Le cose sembravano prendere la piega giusta per gli ospiti ancora una volta quando al 43′ la difesa inglese è incappata ancora in un errore: esagerata la salita di Henry Slade in mezzo al campo, ottimo lavoro di Jack Crowley nel mandarlo a vuoto, creando il break di Doris che ha poi generato una perfetta finalizzazione corale, chiusa da James Lowe in bandierina.
È stato in questo momento che l’Inghilterra si è dimostrata cresciuta, continuando a mantenere tanta pressione sugli avversari e ricevendone immediatamente i frutti. Da un calcio di liberazione di Gibson-Park il contrattacco inglese ha trovato una difesa irlandese messa in forte disequilibrio dall’extra-lavoro di Slade ed Earl, bravi a tornare disposizione dei compagni. Con l’Irlanda che vicino al punto d’incontro in mezzo al campo metteva ben 11 uomini compattati in una decina di metri di campo, Underhill e Itoje hanno combinato alla grande per mandare Furbank in meta.

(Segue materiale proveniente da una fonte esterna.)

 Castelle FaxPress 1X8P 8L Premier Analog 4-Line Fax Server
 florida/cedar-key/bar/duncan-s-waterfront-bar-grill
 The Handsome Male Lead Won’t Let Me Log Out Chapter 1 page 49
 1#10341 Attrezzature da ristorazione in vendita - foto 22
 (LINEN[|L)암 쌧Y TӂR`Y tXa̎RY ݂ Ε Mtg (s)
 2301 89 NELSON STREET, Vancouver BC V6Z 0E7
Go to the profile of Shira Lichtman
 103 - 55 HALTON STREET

Proprio questo momento riassume in un microcosmo quella che è stata la partita: un’Inghilterra feroce fisicamente ha abbinato a questa aggressione dell’avversario una migliore esecuzione dei dettagli della partita, una maggiore quantità e qualità nel lavoro lontano dalla palla. È questo che ha consentito ai padroni di casa di spuntarla anche nell’ultima sequenza: a due minuti dalla fine, con palla all’Irlanda e l’Inghilterra in 14 uomini a causa dei numerosi infortuni, sono stati in grado di riportare il pallone fino alla linea di meta avversaria.

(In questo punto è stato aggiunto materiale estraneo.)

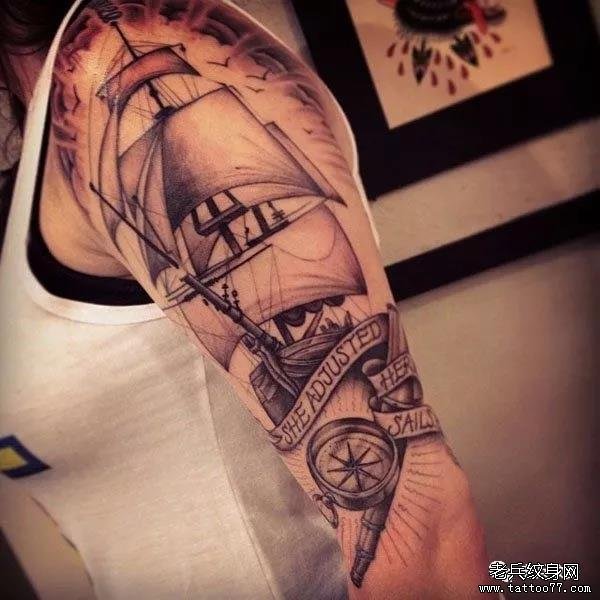 �����زĵ�492�ڡ�������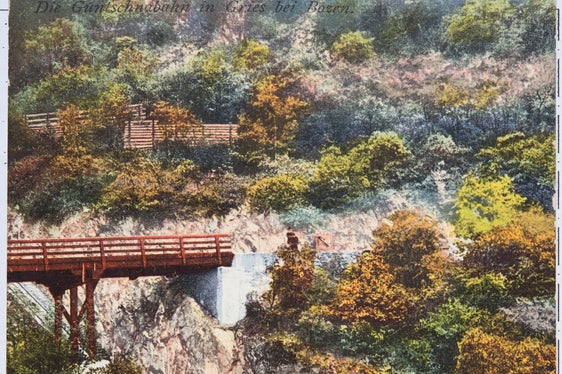 Collezione Helene Oberleiter, n. 180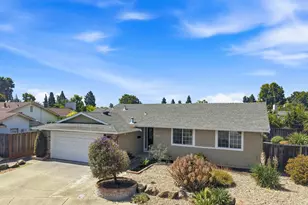 34427 Bacon Pl, Fremont, CA 94555 - Photo 2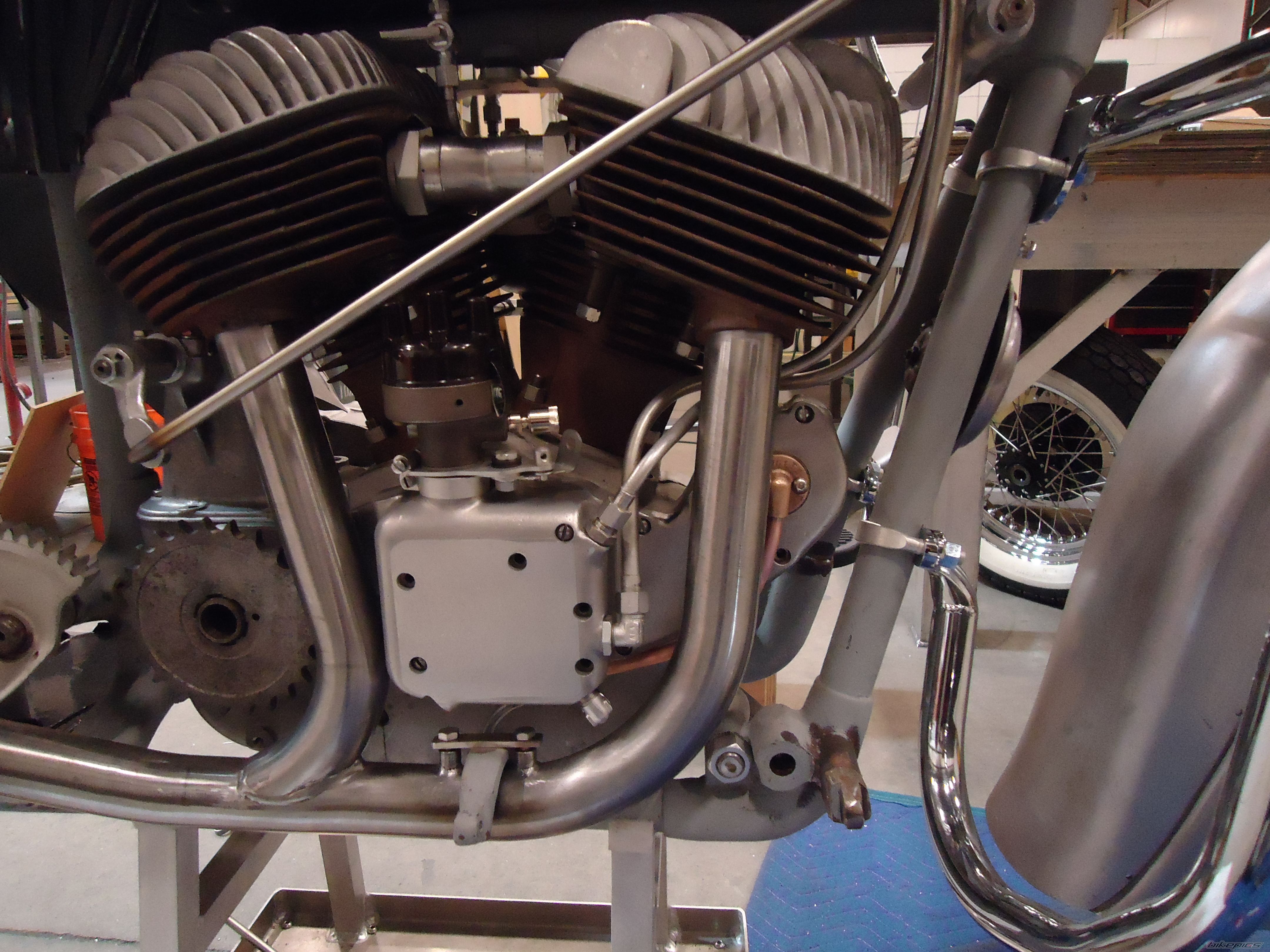 Bike Photo 1960493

Qualcuno ha sindacato sulla scelta degli ospiti di calciare via il pallone con 90″ al termine della partita, ma qualsiasi altra squadra avrebbe fatto lo stesso con due soli punti di vantaggio e la necessità di una lunga sequenza di punti d’incontro dove l’eventualità di commettere un fallo e concedere la vittoria agli avversari è alta. Il calcio dal box di Murray, però, non è stato dei migliori e forse all’Irlanda sarebbe convenuto mantenere il pallone in campo piuttosto che consentire agli inglesi di lanciare una rimessa. È stato infatti molto, forse troppo, facile per l’Inghilterra guadagnare tantissimi metri nelle prime due fasi, con Freeman e Feyi-Waboso a portare la palla nei 22 metri avversari. E da lì il resto è storia.

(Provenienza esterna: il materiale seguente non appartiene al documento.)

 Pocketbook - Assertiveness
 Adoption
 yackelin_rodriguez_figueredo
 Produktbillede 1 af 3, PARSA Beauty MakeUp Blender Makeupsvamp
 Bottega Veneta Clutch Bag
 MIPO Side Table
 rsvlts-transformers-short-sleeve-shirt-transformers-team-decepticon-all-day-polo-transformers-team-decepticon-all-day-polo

All’Inghilterra rimane un successo enorme arrivato grazie ad alcune prestazioni individuali sensazionali. Su tutti un Ben Earl che oltre che essere l’indubbio Player of the match è forse anche il miglior giocatore di questo Torneo. Ma insieme a lui meritano una menzione Sam Underhill, ritornato al suo massimo livello distruttivo, e George Martin, che con lui ha distribuito una quantità e una qualità di colpi in giro per il campo il cui rumore sordo echeggia ancora a Twickenham. Per un George Ford opaco, una grande partita del triangolo allargato, capace di fare male a ogni pallone toccato.
L’Inghilterra è arrivata. Questo Sei Nazioni lo vincerà comunque l’Irlanda, che ha a disposizione molte più probabilità di vittoria rispetto alla Scozia e agli stessi inglesi. Ma gli uomini in bianco sono destinati a tornare ad essere a breve una potenza con pochi rivali se proseguiranno su questa curva di miglioramento che appare sempre più impennata.